3. DR. Yusuf Qardhawi (Fiqh Zakat, 935) menyatakan bahwa jika seseorang memiliki sesuatu (beras) untuk membayar zakat fitrah, namun juga memiliki hutang yang senilai dengan itu, maka ia tetap harus mengeluarkan zakat fitrah, kecuali jika hutang itu harus dibayar pada saat yang bersamaan maka yang harus didahukukan adalah membayar hutangnya. Kemudian ia tidak berkewajiban untuk membayar zakat fitrah.
Jika beras yang Anda pinjam itu melebihi kebutuhan Anda dan keluarga untuk berhari-Raya dan diperkirakan dapat dilunasi setelah hari Raya, maka Anda harus mengeluarkan zakat fitrah dengan beras yang Anda pinjam itu.
Kirim pertanyaan Anda seputar Zakat, Infak-Sedekah
Zakat Fitrah Plus
Assalamu'alaikum Wr. Wb. Bolehkah memberi zakat fitrah sekaligus dengan memberikan lauk-pauknya? Atau misalnya jika dengan uang, kita memberi lebih dari ketentuan, misalnya per kepala Rp 5.000, kita memberi Rp 7.000?
Wassalam
Tubagus Yamin, Jakarta
Jawab:
Pemberian zakat fitrah melebihi ketentuan adalah merupakan perbuatan baik dan terpuji. Yang wajib dikeluarkan untuk zakat fitrah adalah satu sha' -sama dengan 2,5 kg, dari makanan pokok sehari-hari penduduk suatu negeri/daerah. Seperti kurma, gandum, beras, sagu dan sebagainya.
Ketentuan ini antara lain berdasarkan hadits sahih riwayat Imam Ahmad, Bukhari, Muslim dan Nasa'i dari Ibn Umar bahwa sha' kurma atau gandum kepada hamba sahaya, orang yang merdeka, laki-laki, perempuan, anak-anak dan orang dewasa dari kaum muslim.
Jika Anda menambahnya dengan lauk pauk atau dengan kelebihan dana, tentunya itu adalah suatu perbuatan terpuji-dalam Al Quran disebut tathawwa'a khairan' (penuh kerelaan hati dalam berbuat kebajikan).

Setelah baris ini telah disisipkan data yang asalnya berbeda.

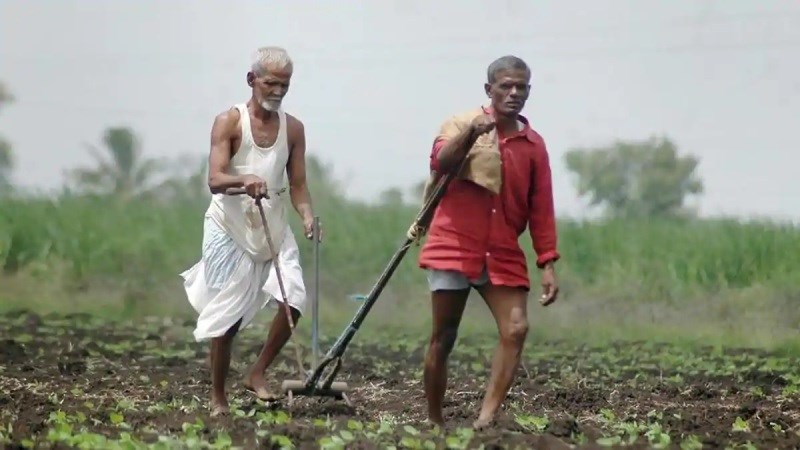 kisan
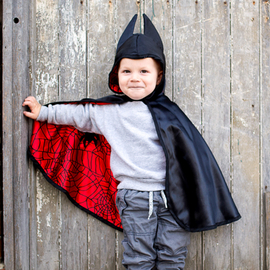 Toddler Reversible Spider & Bat Cape (Size 2-3 )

Hal ini dianalogikan pada kewajiban fidyah puasa pada bulan Ramadhan sebesar satu mud (1 liter) setiap hari yang diberikan kepada fakir miskin, tetapi jika dilebihkan atas dasar kerelaan hati maka akan baik sekali. Ini seperti firman Allah SWT dalam surat Al Baqarah;184, artinya, " Barangsiapa yang dengan kerelaan hati mengerjakan kebajikan (melebihkan dari kadar wajib) maka itulah yang lebih baik baginya..."
Tentang jkelebihan dana zakat fitrah, jika memang ketentuan panitia setempat sebesar Rp. 5.000, maka kelebihan Rp. 2.000 dimasukkan kedalam kelompok infak dan sedekah. Jadi, tidak salah jika seumpama amil zakat mencatatkan kelebihan itu kedalam golongan infak/sedekah.